SOURCE RECORDS:
***

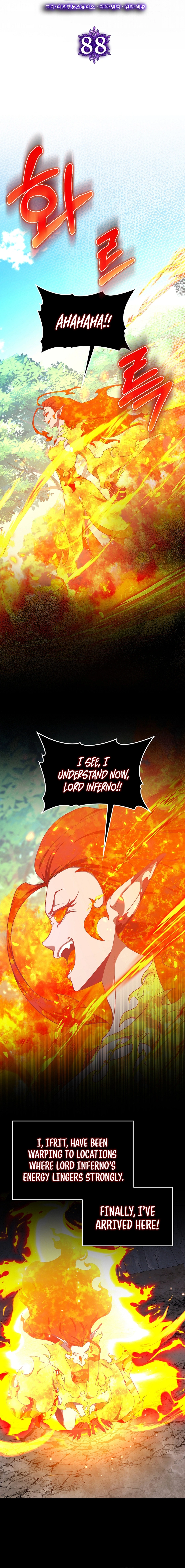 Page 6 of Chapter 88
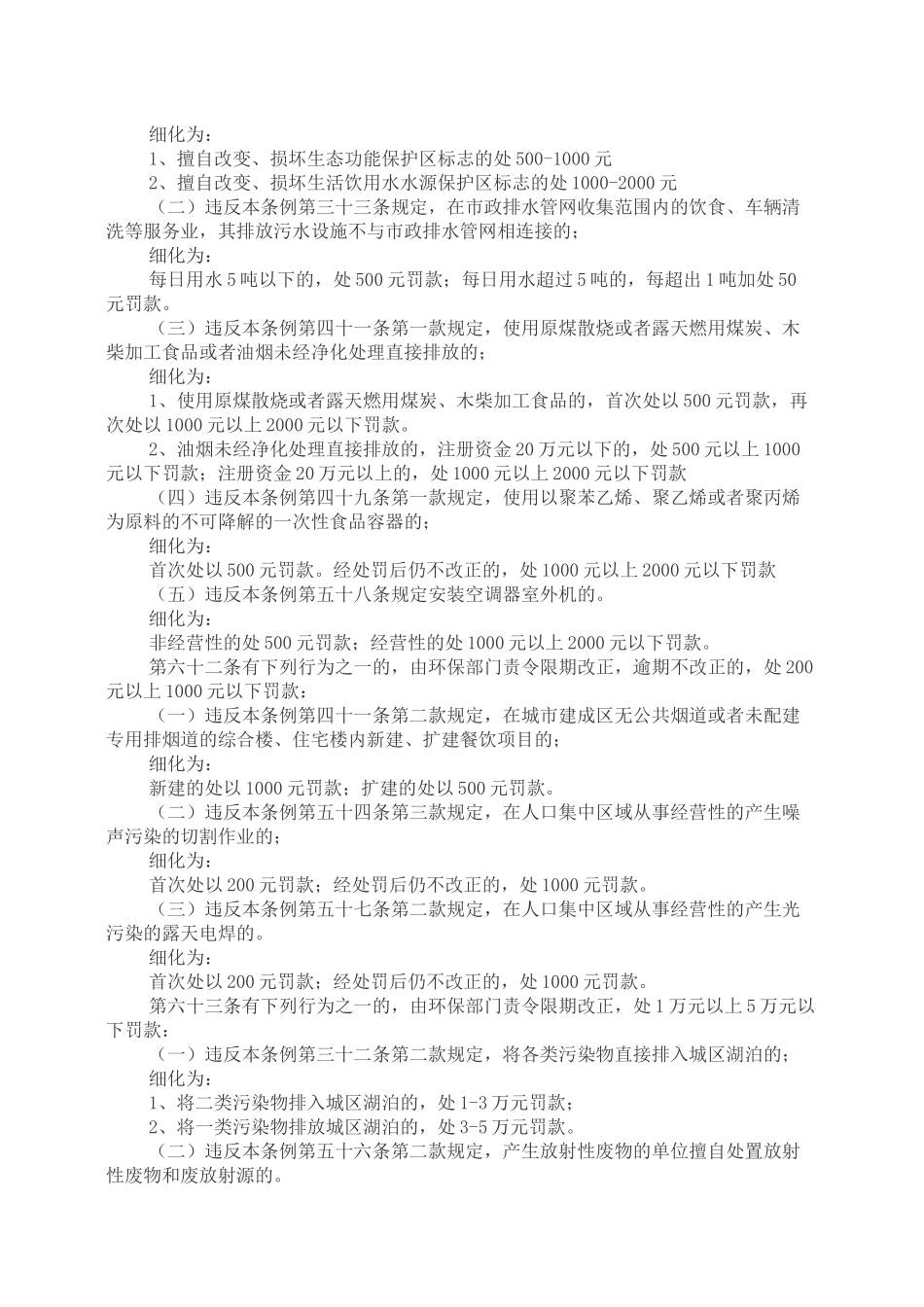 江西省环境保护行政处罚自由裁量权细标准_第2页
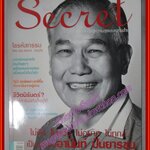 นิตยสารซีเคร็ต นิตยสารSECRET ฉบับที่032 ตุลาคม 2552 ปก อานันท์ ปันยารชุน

***

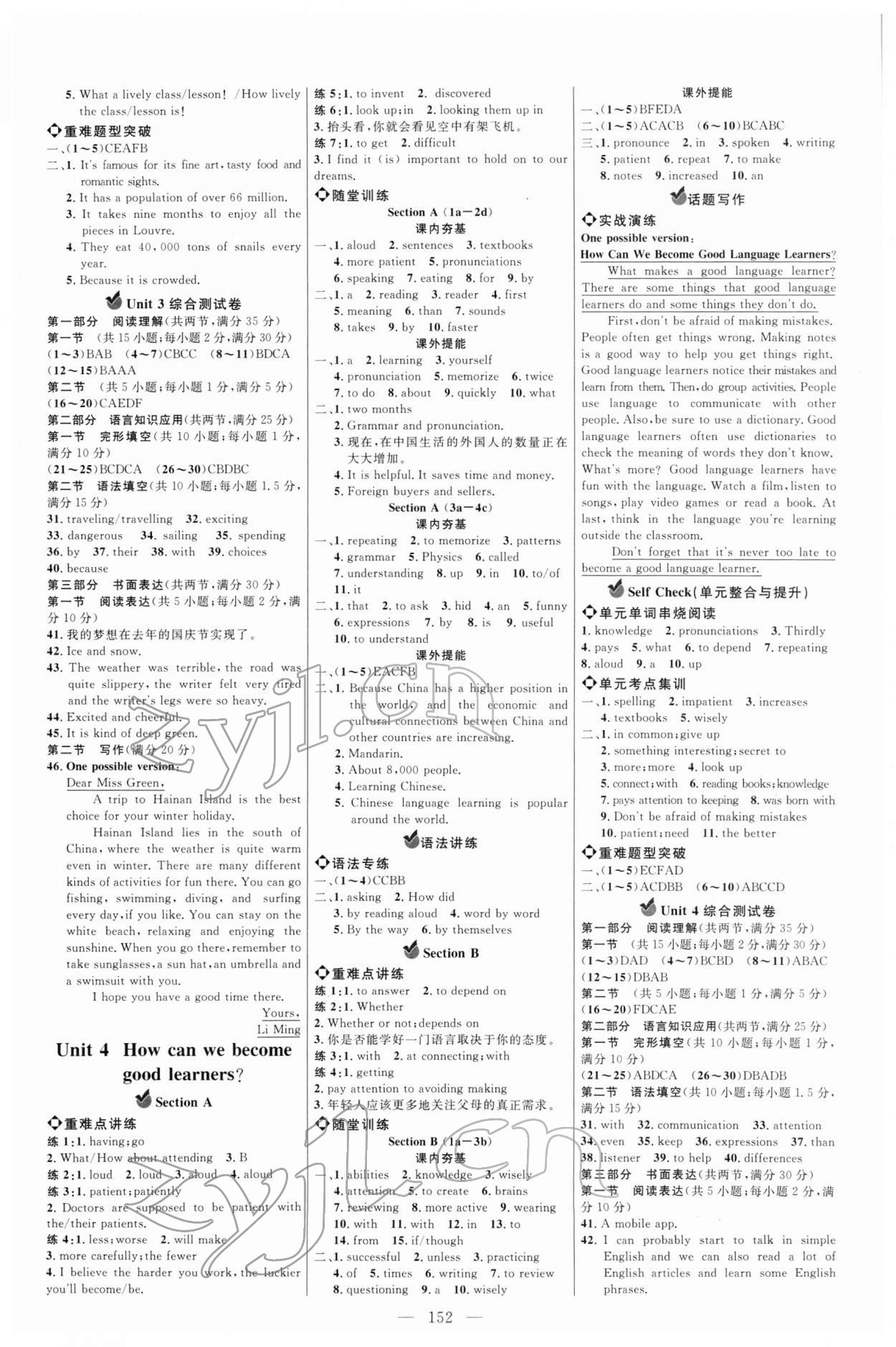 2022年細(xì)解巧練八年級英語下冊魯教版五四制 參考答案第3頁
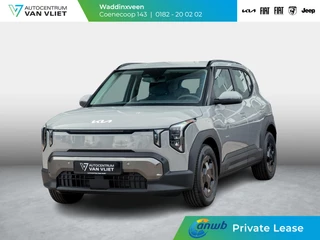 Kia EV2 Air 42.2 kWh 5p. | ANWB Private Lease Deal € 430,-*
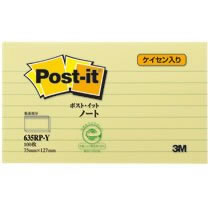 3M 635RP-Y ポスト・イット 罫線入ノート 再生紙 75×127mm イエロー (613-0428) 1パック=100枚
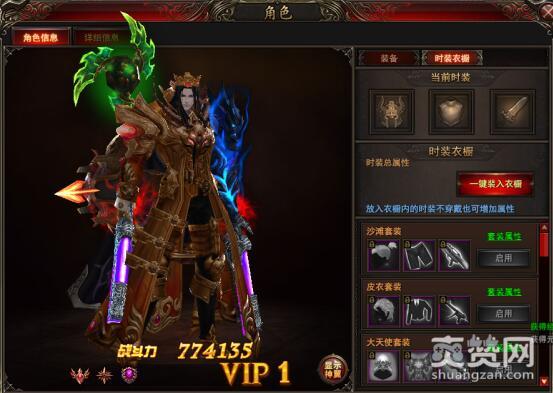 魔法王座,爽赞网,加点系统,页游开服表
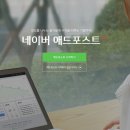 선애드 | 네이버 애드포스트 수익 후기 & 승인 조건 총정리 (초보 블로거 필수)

***

WORK TO BE COMPLETED:
Reproduce the records above exactly, but only from the line with "Page 6 of Chapter 88" up to and including the line with "นิตยสารซีเคร็ต นิตยสารSECRET ฉบับที่032". Leave the pictures out.

OUTPUT FOR THIS EXERCISE:
 Page 6 of Chapter 88
 江西省环境保护行政处罚自由裁量权细标准_第2页
 นิตยสารซีเคร็ต นิตยสารSECRET ฉบับที่032 ตุลาคม 2552 ปก อานันท์ ปันยารชุน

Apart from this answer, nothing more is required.